WHAT IS REQUIRED:
The entries that follow must be given again exactly, with no pictures kept.

Crawled caption data:
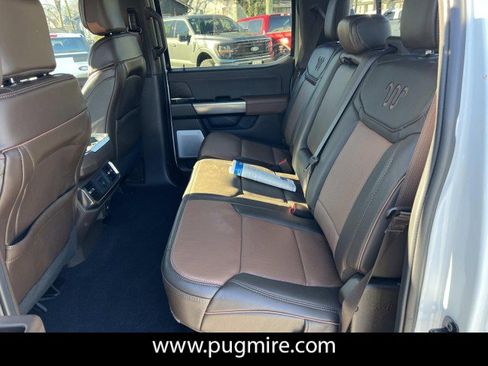 New 2025 Ford F150 King Ranch w/ FX4 Off-Road Package image 14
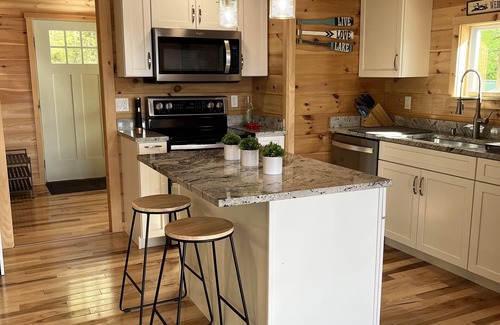 Vassalboro House | Peaceful Pleasant Point - Waterfront Maine Getaway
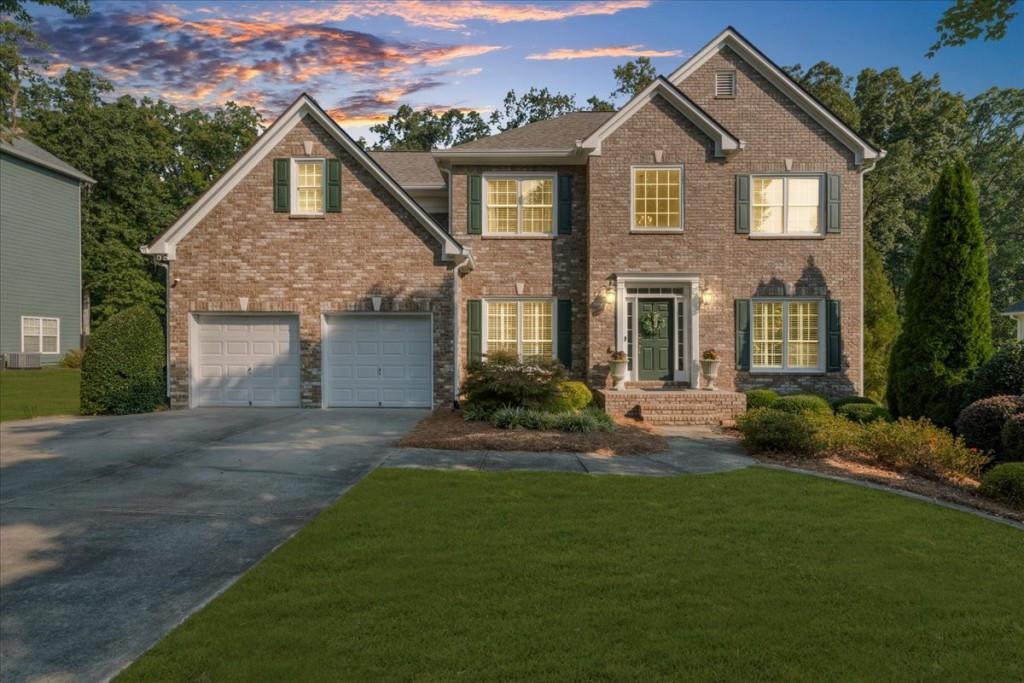 4208 Woodfare Ln., Kennesaw, GA 30152
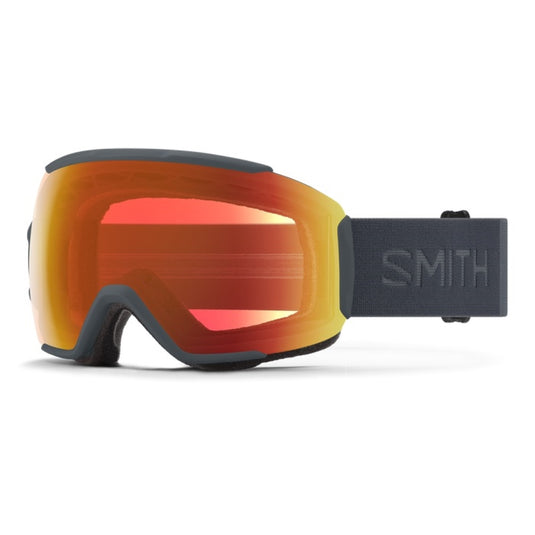 SMITH SEQUENCE OTG [clr:Slate Lns:CP Everyday Red Mirror]
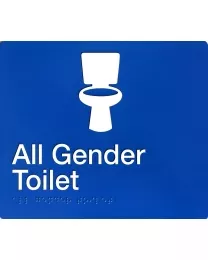 All Gender Signs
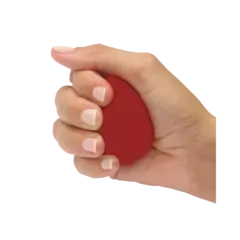 Fresco H&#229;ndgym Ball r&#248;d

TASK RESPONSE:
 New 2025 Ford F150 King Ranch w/ FX4 Off-Road Package image 14
 Vassalboro House | Peaceful Pleasant Point - Waterfront Maine Getaway
 4208 Woodfare Ln., Kennesaw, GA 30152
 SMITH SEQUENCE OTG [clr:Slate Lns:CP Everyday Red Mirror]
 All Gender Signs
 Fresco H&#229;ndgym Ball r&#248;d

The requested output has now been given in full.